Miscarriages in that time and place were treated pretty much like a fact of life, no different from someone getting the flu and then getting over it. You marched forward, went on, didn’t look back and never let yourself think of that child that might have been.  Actually that child that was, that you carried, but just for a little bit, unable to shelter them long enough for them to enter the world as a child.  You would never know why, what was wrong, but you would always wonder if there was something you could have done, should have done or might have done differently, or maybe not done.

The prevailing school of thought was that you could always “get pregnant again,” in essence depersonalizing that “individual” pregnancy and reducing “it” to a commodity that could be replaced shortly.

If pressed or if you were “too upset,” you would be patronized and told that it was simply “God’s will,” “meant to be” or that “God needed the baby” and that was supposed to comfort you and make the fact that your child died alright. If nothing else, you very clearly got the message that it was time to be “over this” now and to either get over it or shut up.

Getting past that 3 month mark, and then the half way mark of 20 weeks, gave you permission to start dreaming, to start buying baby clothes, a new bassinette, making curtains and thinking about what color to paint the baby’s room.

The baby started to move around and kick, asserting its individuality. “Hi Mom, I’m here” with little fluttery butterfly wings that made you smile to feel them.

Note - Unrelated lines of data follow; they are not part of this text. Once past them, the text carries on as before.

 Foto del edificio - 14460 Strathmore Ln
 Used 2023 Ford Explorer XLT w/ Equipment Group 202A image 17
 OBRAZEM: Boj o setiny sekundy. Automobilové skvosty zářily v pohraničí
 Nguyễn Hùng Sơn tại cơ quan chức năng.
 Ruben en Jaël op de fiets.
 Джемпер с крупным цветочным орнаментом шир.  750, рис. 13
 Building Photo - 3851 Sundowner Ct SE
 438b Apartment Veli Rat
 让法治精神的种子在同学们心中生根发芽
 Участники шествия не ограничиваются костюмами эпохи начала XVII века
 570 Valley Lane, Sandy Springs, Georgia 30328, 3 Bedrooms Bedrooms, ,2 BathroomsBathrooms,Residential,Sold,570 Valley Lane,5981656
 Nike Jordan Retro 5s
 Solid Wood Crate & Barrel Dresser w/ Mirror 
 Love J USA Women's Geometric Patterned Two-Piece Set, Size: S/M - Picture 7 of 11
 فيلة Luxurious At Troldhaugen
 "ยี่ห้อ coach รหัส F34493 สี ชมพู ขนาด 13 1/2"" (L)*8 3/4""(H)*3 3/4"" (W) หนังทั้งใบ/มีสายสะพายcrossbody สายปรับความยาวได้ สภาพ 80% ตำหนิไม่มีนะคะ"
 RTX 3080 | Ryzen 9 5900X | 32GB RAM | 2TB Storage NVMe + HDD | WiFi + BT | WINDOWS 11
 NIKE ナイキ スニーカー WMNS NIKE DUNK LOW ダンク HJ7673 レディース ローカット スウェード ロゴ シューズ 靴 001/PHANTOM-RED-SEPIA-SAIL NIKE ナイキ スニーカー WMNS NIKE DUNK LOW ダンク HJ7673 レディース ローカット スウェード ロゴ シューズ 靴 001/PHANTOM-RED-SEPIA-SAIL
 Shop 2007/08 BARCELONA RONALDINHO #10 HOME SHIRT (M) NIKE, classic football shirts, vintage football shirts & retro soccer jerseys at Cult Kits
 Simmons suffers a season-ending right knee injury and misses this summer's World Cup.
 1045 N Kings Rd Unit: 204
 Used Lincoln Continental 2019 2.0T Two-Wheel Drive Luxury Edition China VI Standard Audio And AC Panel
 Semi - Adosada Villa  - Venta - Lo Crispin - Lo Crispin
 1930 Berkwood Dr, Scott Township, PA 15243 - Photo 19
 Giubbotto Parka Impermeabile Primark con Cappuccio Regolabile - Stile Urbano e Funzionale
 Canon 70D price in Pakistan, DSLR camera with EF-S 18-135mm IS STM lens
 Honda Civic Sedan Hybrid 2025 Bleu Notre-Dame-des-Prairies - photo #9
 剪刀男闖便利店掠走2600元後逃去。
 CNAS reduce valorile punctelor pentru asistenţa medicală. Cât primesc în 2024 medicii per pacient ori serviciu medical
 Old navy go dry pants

You started to guess and attempt to divine using all of the folklore and midwife tales available whether the baby was going to be a boy or a girl. Everyone had an opinion too – and stood a 50% chance of being right!  Those were happy, joyful days ripe with laughter and stories, often of family members.

That was long before parents knew the gender of the new baby, before ultrasound, back in the days when, after that first cry, the first thing you listened for the doctor to joyfully proclaim was “It’s a girl!” or “It’s a boy!”

On that sweltering summer day, with the windows wide open, the sun beating mercilessly on the landscape and no air conditioning, because it was before the days of air conditioning in homes…I was doing laundry when I felt something run down my leg…sweat probably. I looked down to see a rivulet of blood, dividing into branches on my calf, already soaking into my shoe, and I knew I was in trouble.

I began to cry and left a message for my husband at work. No cell phones then.  Someone went to find him.

I called my mother and asked her to meet me at the hospital. She was coming from the opposite side of the county.  The hospital was between us.  I was hopeful that if I got to the hospital quickly, that child could somehow be saved.

Maybe I was further along than I thought.

Maybe the child would live.

Maybe they could get the bleeding stopped.

Maybe it wasn’t as bad as it seemed.

Maybe…

Maybe…

Maybe…

Hope against all odds.

I remember in the emergency room, laying on the table when my mother walked into the room. She looked at me and began to cry.  I didn’t realize how badly I was bleeding by that time, but she did.  She knew.  When I saw her face, I knew too.

They took me to delivery, because that baby was going to be born. I was hemorrhaging.  I vaguely remember someone talking to my mother about blood types and transfusions.  I remember seeing my mother standing in the hallway, clutching her purse and mine, sobbing, but trying not to, as they wheeled me inside and the doors closed behind the gurney, separating us…and how utterly terrified I was.  I desperately wanted to reach out to her.  But that was before the days of “family birthing” and even before the days of fathers being allowed in the delivery room.  So, I was alone in the room with a doctor and nurses and deathly silence except for the noises the equipment and I made.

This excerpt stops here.